Even if your celebrity gossip IQ is far from Mensa-level, you probably know that Blake Lively (the actor from Gossip Girl who is married to Ryan Reynolds) and Justin Baldoni (the guy from the Blake Lively legal drama) are involved in a high-stakes celebrity smackdown.

What began with a bad filming experience on the set of their movie It Ends with Us – released in August, 2024 – has since spawned a slew of overlapping, multimillion-dollar lawsuits while exposing the odious inner workings of the Hollywood PR machine. Insiders are saying it will change the way the game is played. Outsiders aren’t sure what to think. (Part of the plan, per Lively’s lawsuit, but we’re getting ahead of ourselves).

At the crux are two conflicting narratives: Lively alleges that she experienced sexual harassment and a hostile work environment on the set of It Ends with Us. Included in her complaint are allegations that Baldoni, her co-star and the film’s director, and other executives created an uncomfortable and sexually charged work environment. Lively believes that the steps she took to address the situation during filming led to Baldoni and his PR team plotting a retaliatory smear campaign. Baldoni, meanwhile, says that Lively is the bad guy: an A-list bully who used her “dragons” to take control of his project.

Both actors are due to appear in the U.S. District Court in New York on Monday, and eventually a judge will rule on the pertinent matters. But let’s leave that to the legal eagles and the courts while we dig into the juiciest side plots. Could Taylor Swift testify? What on earth is astroturfing?
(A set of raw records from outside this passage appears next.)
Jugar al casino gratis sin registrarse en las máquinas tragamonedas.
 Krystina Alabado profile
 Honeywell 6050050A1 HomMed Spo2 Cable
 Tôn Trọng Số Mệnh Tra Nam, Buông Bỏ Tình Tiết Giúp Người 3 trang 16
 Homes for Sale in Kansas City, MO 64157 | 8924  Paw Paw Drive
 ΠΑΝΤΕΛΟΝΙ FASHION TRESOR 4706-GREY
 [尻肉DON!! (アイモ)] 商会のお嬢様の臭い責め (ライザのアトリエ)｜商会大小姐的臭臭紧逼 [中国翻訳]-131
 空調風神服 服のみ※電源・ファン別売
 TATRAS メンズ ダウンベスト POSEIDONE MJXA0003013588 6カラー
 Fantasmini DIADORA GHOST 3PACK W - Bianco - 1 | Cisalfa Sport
And why may Baldoni’s man bun end up on the legal record?

Bring on the smut, but where does this story start?

Scandal was brewing behind the scenes for months but the public narrative kicks off in the summer of 2024: Lively and Reynolds, a Hollywood golden couple, are riding high on their proximity to Taylor Swift as well as their own high-buzz projects, which just happen to be premiering on back-to-back weekends. “Can Ryan Reynolds and Blake Lively Pull off Barbenheimer 2.0?” asked a headline from the Hollywood Reporter. The answer: Yes, they can.

Both movies did gangbusters, with Deadpool & Wolverine taking the number one spot at the box office and It Ends with Us at number two – the first time a husband-and-wife duo had earned this distinction since Bruce Willis and Demi Moore back in 1990 (with Die Hard 2 and Ghost).

On the red carpet, Lively explained that Reynolds had actually helped her write one of the movie’s key scenes. “He works on everything I do; I work on everything he does. So his wins, his celebrations are mine and mine are his,” she gushed, while flanked by her famous hubby, her co-stars and IEWU author Colleen Hoover. But wait? Where was Baldoni, the movie’s director?

Where was he?

Baldoni says he was deliberately segregated, forced to hang out in the theatre’s basement because of bad blood with his leading lady. But nobody knew that yet and so it just looked weird that the movie’s two co-stars weren’t being photographed together. Enter the sleuths of TikTok who caught a whiff of drama and ran with it, noting that Lively, Reynolds and Hoover had all unfollowed Baldoni on Instagram – a smoking gun in the internet era.

Within days, the rumours had made the leap from TikTok to the trade pubs with The Hollywood Reporter saying the on-set tensions and creative differences led to two different versions of the movie: The “Baldoni cut” by the movie’s director and the “Sony cut,” commissioned by Lively and edited by Shane Reid (an editor on Deadpool movies). The studio ended up going with Lively’s cut, which obviously didn’t go down well with the movie’s director. But whatever victory Lively experienced was short-lived.

Why did the internet turn on Blake Lively?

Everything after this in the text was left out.